穆牧一個人茫然地走著,不知道走了多久,也不知道目的地是哪里,他只是慢慢向前m0索。
走得夠久了,他來到一間獨棟的木造屋子前,熟悉的景象,讓他沒有懷疑就推門進去,當他看到神案前的祖先牌位時,馬上就在大廳中央跪了下來。
這里是穆家的祠堂。
以前,只要犯了錯,爹娘都會罰他跪在這里悔過,現在,他沒有過錯也一樣跪著,再沒有任何時候b此刻更渴望祖先的啟示了。

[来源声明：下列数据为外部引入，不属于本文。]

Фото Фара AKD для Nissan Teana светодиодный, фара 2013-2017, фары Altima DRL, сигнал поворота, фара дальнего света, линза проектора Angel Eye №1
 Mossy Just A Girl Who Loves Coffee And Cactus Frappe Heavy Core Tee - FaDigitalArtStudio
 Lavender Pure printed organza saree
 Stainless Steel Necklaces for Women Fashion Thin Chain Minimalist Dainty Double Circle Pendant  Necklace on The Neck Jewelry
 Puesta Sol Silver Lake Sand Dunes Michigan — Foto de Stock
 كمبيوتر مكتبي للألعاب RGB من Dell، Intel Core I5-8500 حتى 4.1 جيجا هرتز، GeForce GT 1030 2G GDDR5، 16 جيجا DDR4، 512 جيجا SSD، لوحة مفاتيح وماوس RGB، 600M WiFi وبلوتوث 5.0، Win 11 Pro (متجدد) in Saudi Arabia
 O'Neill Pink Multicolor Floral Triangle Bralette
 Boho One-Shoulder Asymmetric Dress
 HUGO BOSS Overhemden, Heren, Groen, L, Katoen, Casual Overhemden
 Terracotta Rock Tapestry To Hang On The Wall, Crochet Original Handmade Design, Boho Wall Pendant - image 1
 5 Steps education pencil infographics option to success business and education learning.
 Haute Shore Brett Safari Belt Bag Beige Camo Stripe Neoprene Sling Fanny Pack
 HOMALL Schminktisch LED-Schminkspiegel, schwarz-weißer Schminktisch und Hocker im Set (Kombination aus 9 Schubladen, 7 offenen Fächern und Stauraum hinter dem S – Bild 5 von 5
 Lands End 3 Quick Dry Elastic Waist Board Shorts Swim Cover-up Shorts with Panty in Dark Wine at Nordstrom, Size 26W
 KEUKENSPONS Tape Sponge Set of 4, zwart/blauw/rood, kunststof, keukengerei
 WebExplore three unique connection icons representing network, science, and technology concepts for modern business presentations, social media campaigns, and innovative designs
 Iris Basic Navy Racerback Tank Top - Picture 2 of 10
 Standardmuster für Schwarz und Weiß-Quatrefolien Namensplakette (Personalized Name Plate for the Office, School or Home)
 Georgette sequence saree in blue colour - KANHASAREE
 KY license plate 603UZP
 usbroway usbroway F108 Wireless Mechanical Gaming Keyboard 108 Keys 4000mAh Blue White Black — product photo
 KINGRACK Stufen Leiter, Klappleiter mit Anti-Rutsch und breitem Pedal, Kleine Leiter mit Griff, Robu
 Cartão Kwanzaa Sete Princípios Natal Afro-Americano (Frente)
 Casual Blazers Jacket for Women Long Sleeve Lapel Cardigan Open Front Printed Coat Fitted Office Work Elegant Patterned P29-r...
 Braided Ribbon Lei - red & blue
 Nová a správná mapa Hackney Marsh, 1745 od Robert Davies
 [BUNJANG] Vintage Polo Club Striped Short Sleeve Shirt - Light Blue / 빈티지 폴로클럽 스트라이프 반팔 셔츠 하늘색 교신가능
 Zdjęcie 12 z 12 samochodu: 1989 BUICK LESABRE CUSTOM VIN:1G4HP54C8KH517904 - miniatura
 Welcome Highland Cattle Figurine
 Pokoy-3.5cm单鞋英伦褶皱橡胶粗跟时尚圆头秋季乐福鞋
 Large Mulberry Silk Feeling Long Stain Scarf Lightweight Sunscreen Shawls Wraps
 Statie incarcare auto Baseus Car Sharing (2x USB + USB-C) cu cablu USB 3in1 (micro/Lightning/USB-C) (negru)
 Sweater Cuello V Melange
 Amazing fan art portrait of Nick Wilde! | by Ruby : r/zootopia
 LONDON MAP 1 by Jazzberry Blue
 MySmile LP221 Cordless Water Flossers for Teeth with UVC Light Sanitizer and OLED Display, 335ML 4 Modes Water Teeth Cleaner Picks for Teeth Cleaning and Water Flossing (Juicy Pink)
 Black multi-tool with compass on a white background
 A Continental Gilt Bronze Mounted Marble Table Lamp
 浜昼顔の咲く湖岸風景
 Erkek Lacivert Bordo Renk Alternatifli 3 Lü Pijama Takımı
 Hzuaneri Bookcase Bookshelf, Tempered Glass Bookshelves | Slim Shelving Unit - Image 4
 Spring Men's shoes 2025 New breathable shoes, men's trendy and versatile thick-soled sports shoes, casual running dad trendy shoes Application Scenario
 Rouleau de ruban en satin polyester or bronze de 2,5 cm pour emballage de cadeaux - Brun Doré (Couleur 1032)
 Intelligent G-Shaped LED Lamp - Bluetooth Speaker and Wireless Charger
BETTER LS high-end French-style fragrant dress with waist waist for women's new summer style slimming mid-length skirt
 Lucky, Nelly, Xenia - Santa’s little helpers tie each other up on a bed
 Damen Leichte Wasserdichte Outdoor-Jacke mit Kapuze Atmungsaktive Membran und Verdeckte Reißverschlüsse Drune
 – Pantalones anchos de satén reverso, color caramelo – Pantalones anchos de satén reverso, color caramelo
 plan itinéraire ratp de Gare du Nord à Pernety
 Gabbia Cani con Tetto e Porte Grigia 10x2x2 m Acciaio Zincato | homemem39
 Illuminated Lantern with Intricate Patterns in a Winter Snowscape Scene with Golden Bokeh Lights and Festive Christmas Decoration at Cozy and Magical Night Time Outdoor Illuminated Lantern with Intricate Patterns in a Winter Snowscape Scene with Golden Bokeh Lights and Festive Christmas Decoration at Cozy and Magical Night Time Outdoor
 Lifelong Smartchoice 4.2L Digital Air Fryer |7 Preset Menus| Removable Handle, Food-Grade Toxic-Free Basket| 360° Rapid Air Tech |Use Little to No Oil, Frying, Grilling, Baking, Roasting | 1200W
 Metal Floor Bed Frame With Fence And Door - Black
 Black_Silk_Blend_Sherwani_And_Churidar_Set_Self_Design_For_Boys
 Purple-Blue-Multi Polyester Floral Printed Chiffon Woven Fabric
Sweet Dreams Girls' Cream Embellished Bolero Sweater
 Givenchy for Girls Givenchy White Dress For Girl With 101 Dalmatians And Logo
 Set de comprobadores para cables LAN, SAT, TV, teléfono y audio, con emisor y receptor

穆牧抬起頭來,看見了母親坐在神案旁邊的木椅上,向他招手。
「娘!牧兒好想您……。」穆牧膝行肘步,快爬著伏在母親的膝上。
母子倆緊緊相擁,才過沒多久,整間屋子突然震動起來,接著火光四起,祠堂著火了。
穆牧更是抱緊了母親,但是母親卻一再推著他,將他推了出去。
「牧兒不能一刻沒有母親!」
這兩天的時間,他遭人挑釁,還受了傷,想去臨安又沒有錢,少了母親的安慰,就全是擔心害怕,這樣的日子,穆牧已經撐不下去了,他不停地搖頭,不愿意分離,左手才被推開,右手又搭了上去,四周墻壁被燒得啪啦作響,就要被大火吞噬了,他還是執意要待在母親身邊,多一刻也好。
最後,穆母拉起穆牧的右手,塞了件東西到他手里。
穆牧定睛一看,正是那個繡著牡丹花的錦囊。